** Instructions to follow **
Start at the line that contains "3 bedroom semi-detached house for sale" in the listing below and extract every line through the last, exactly; leave pictures out.

** Available records **
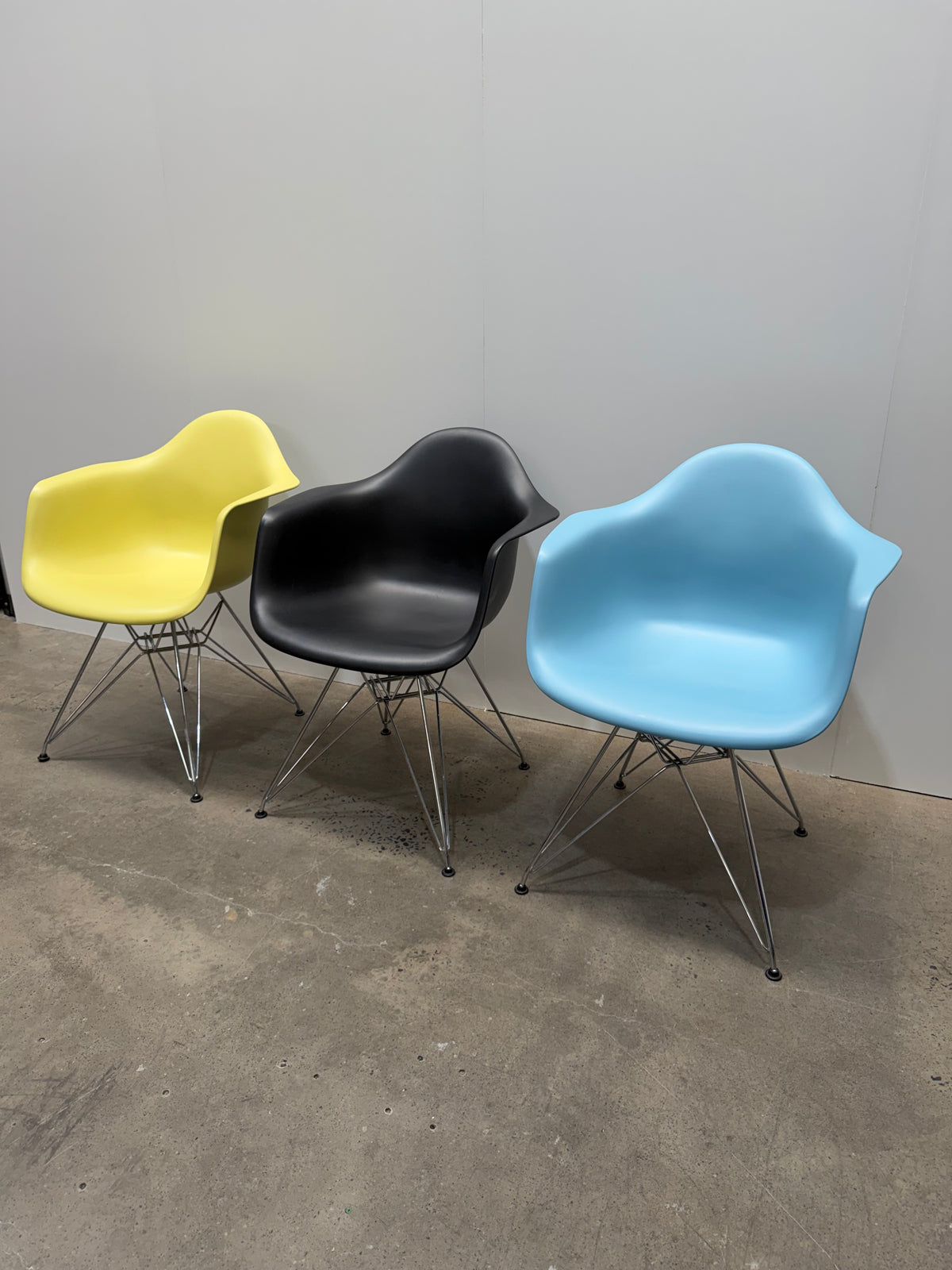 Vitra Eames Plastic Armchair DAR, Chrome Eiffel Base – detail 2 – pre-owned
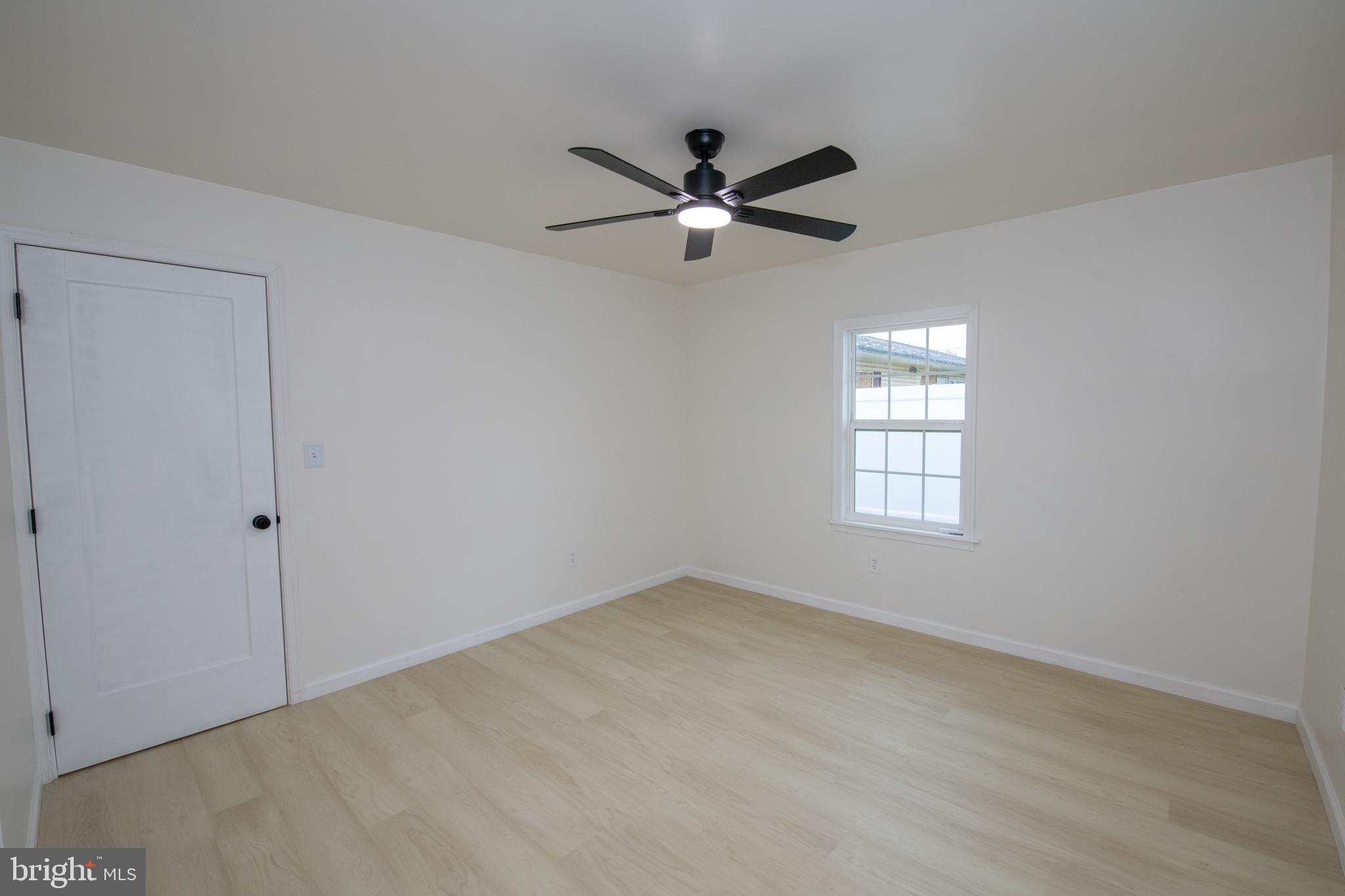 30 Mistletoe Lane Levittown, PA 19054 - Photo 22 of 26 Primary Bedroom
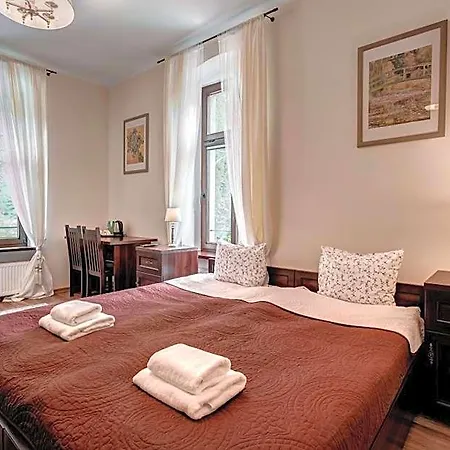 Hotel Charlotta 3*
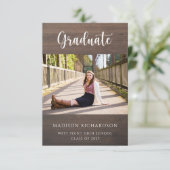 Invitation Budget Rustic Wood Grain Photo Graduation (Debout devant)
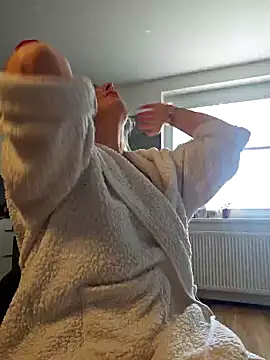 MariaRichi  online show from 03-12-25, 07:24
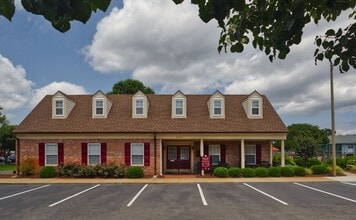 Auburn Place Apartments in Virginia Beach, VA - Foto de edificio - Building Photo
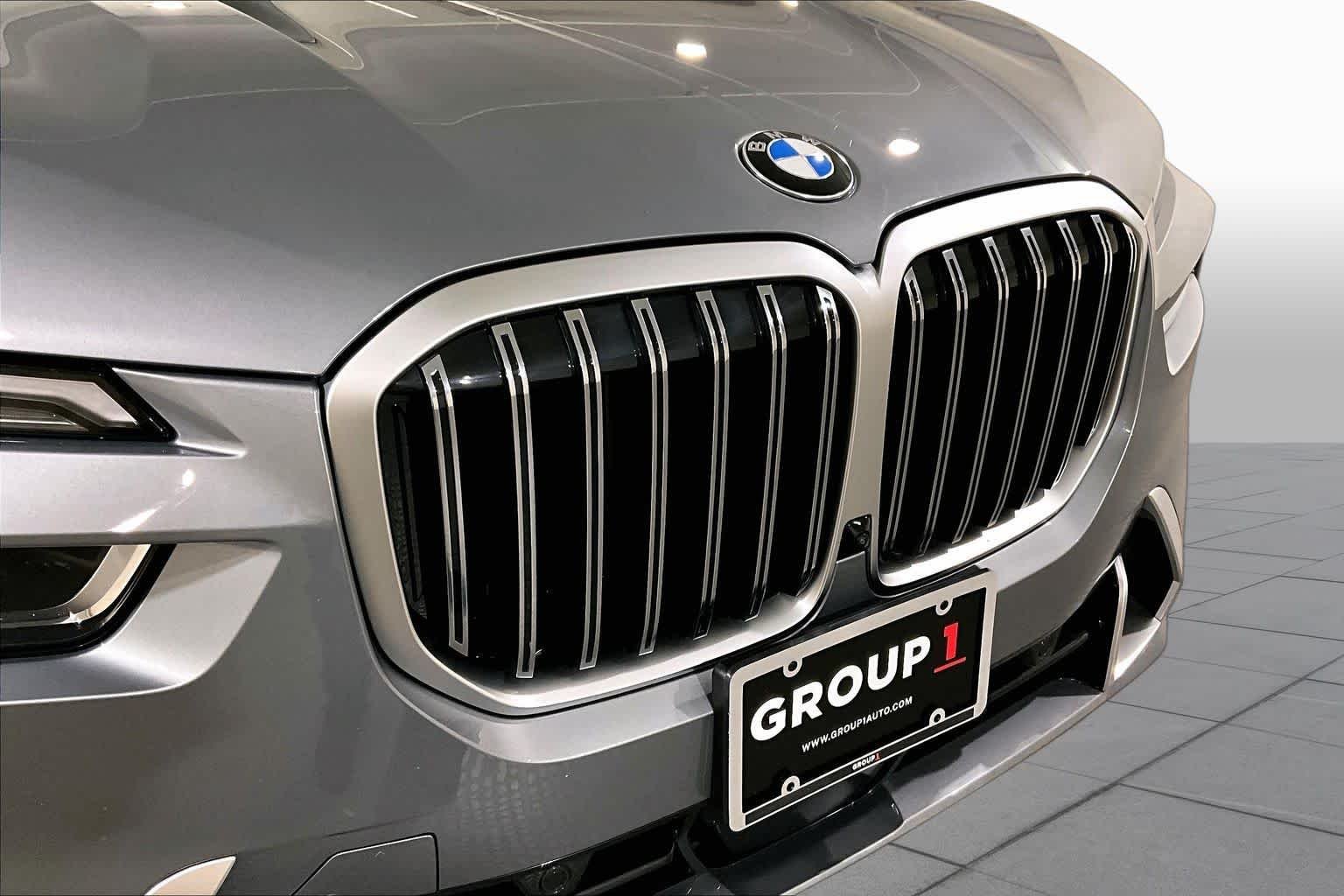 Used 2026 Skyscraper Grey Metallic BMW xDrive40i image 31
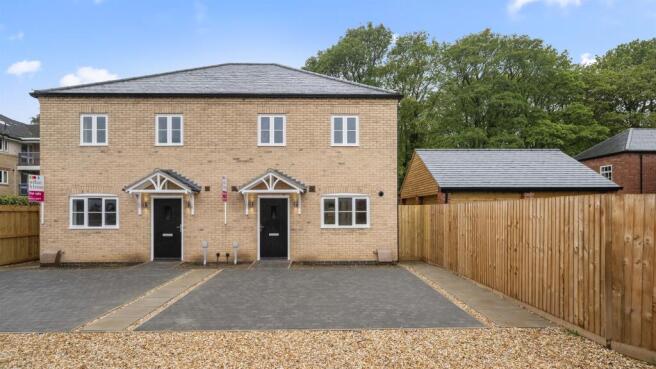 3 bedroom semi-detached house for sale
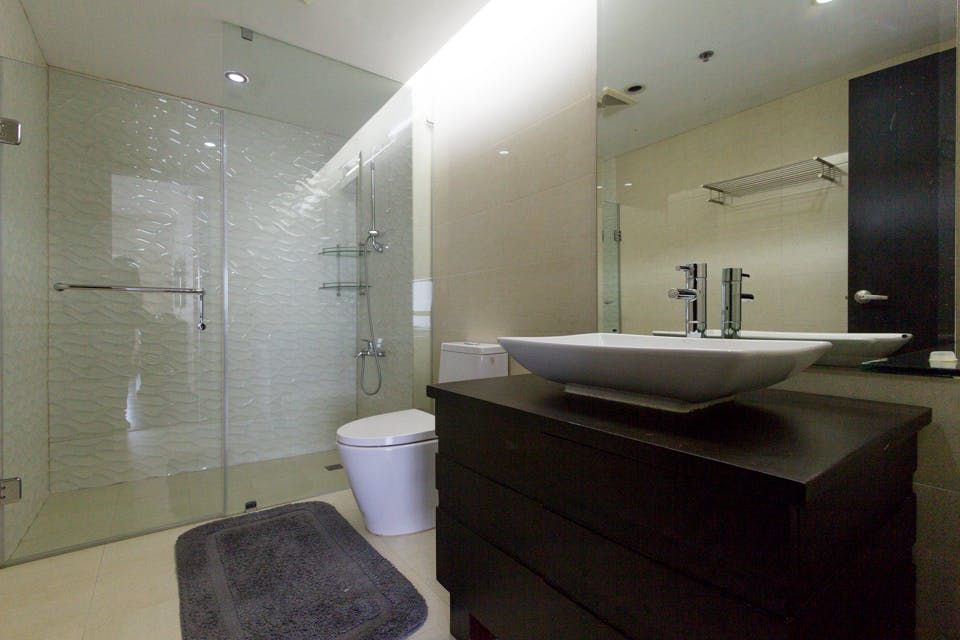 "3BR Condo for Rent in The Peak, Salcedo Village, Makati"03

** Completed exercise **
 3 bedroom semi-detached house for sale
 "3BR Condo for Rent in The Peak, Salcedo Village, Makati"03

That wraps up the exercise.